[[ RAW DATA, beginning ]]

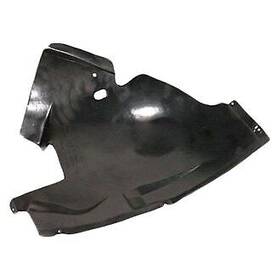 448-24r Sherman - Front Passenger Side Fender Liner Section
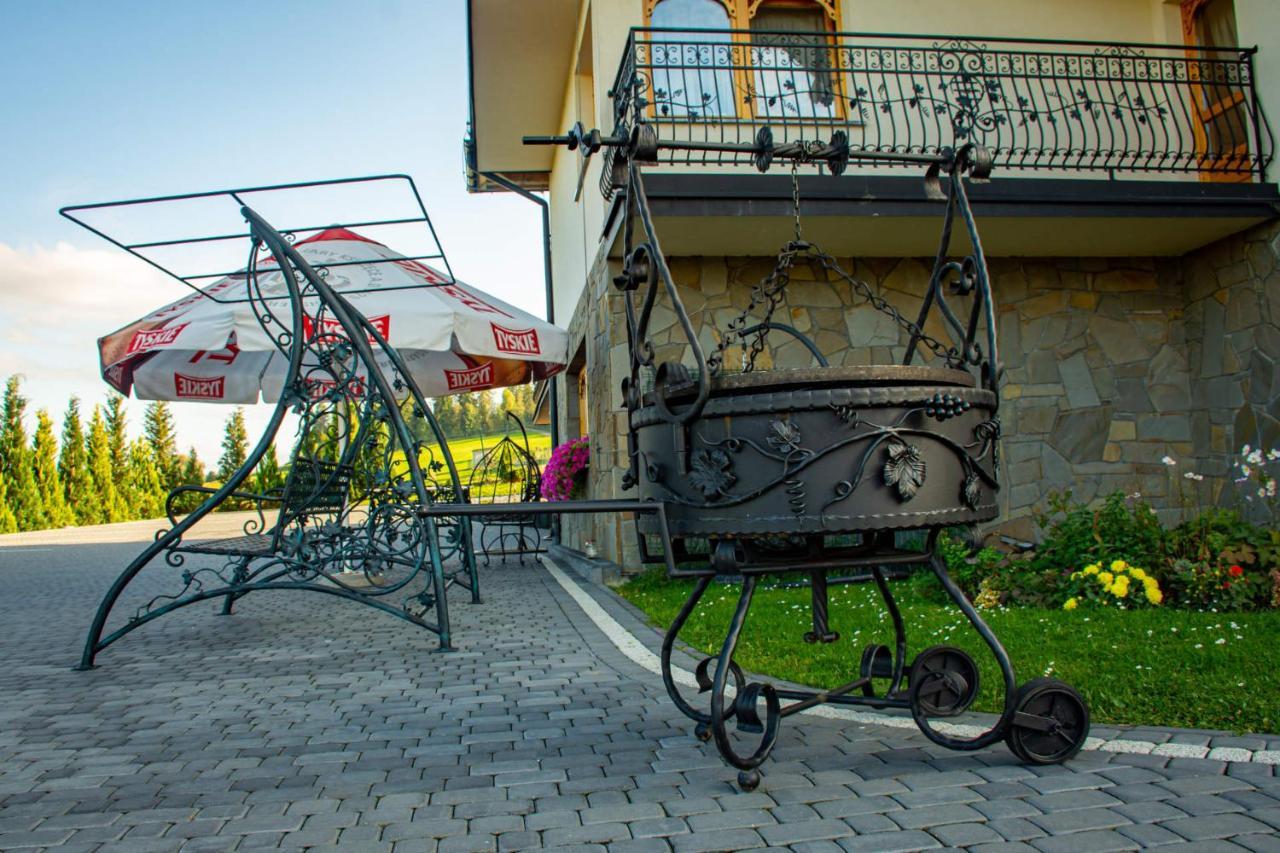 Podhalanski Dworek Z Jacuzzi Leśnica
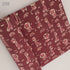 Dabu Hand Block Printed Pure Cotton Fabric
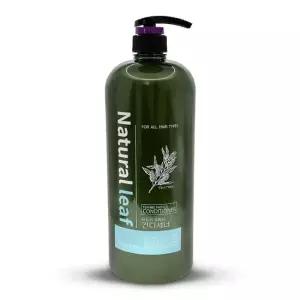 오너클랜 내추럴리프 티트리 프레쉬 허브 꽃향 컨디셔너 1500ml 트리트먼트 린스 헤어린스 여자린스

[[ RAW DATA, end ]]

▶ **PROBLEM REQUIREMENTS**
For this exercise, output only the lines from the one bearing "Dabu Hand Block Printed Pure Cotton Fabric" to the end of the material above, exactly as written, with pictures left out.

▶ **TASK OUTPUT**
 Dabu Hand Block Printed Pure Cotton Fabric
 오너클랜 내추럴리프 티트리 프레쉬 허브 꽃향 컨디셔너 1500ml 트리트먼트 린스 헤어린스 여자린스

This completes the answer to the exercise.